Last week, Microsoft identified the object of its latest obsession: Google, the No. 1 Internet search page. (Google, you may recall, is preparing for an initial stock offering with an estimated value of $25 billion. Nobody bats around numbers like that without attracting Microsoft's attention.)
For years, Microsoft's own Web search page, MSN Search, has finished a distant third place in the search-engine popularity wars (behind Google and Yahoo). The company's new plan is apparently to remake MSN Search in Google's image.
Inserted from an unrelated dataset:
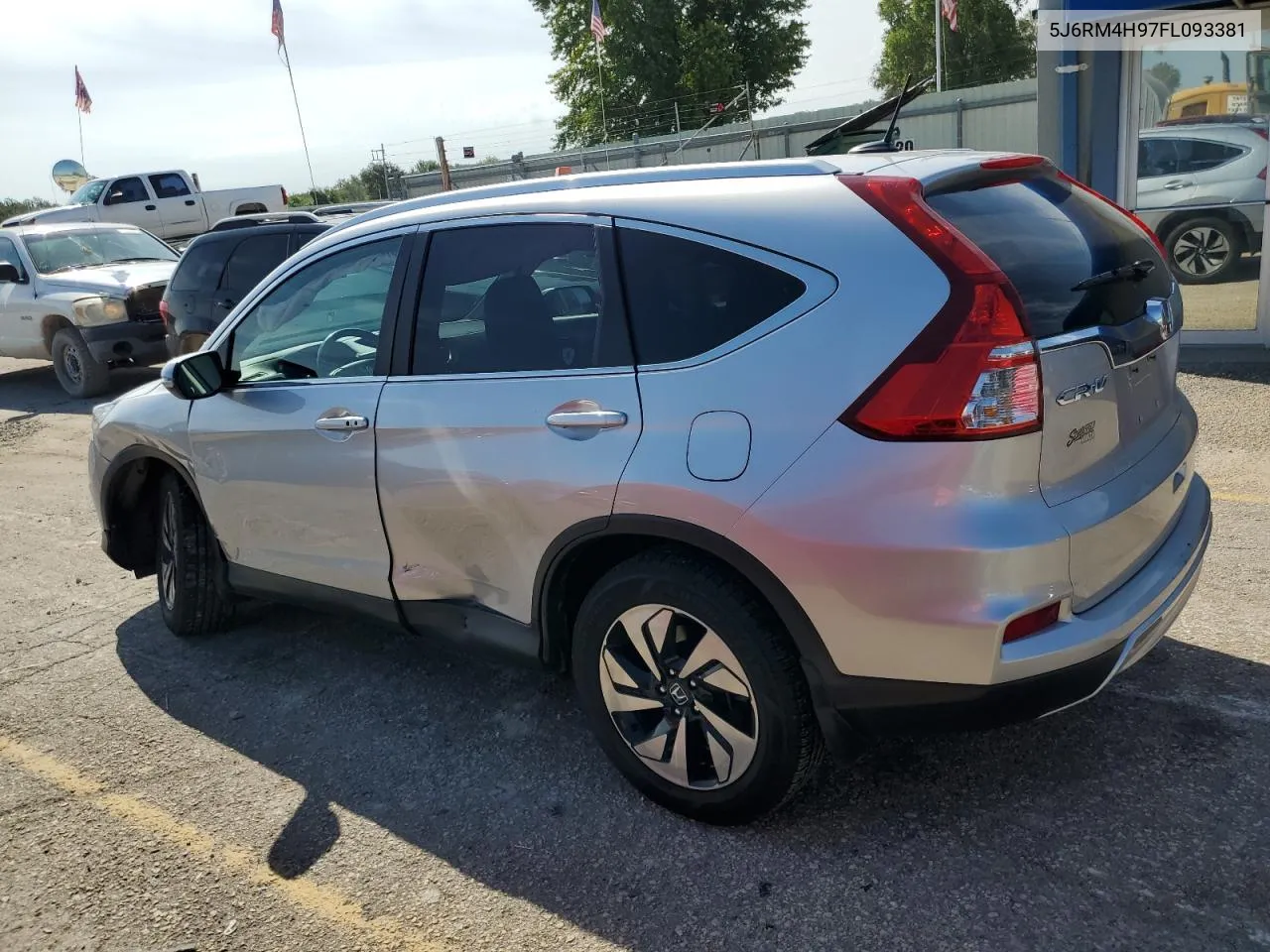 5J6RM4H97FL093381 2015 Honda Cr-V Touring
The Googlification of MSN will occur in two phases. The first, a cosmetic makeover, is now complete and ready for your inspection at www.search.msn.com. The new look consists of an empty white screen that loads blissfully quickly, even over dial-up connections, and an empty, neatly centered text box where you're supposed to type in what you're looking for. The search page is ad-free and, except for the MSN logo, even devoid of graphics. (On July 4, however, MSN added a waving-flag graphic, an imitation of the way Google's witty artists dress up its own logo on holidays.) In short, MSN Search couldn't look more like Google if you photocopied it.
Friday 9 July 2004
Be afraid. Be very afraid.
David Pogue at NYT takes a look at Redmond's latest gambit for world domination[*] Yeah, yeah, we don't like MS. But you've kinda figured that out by now, right?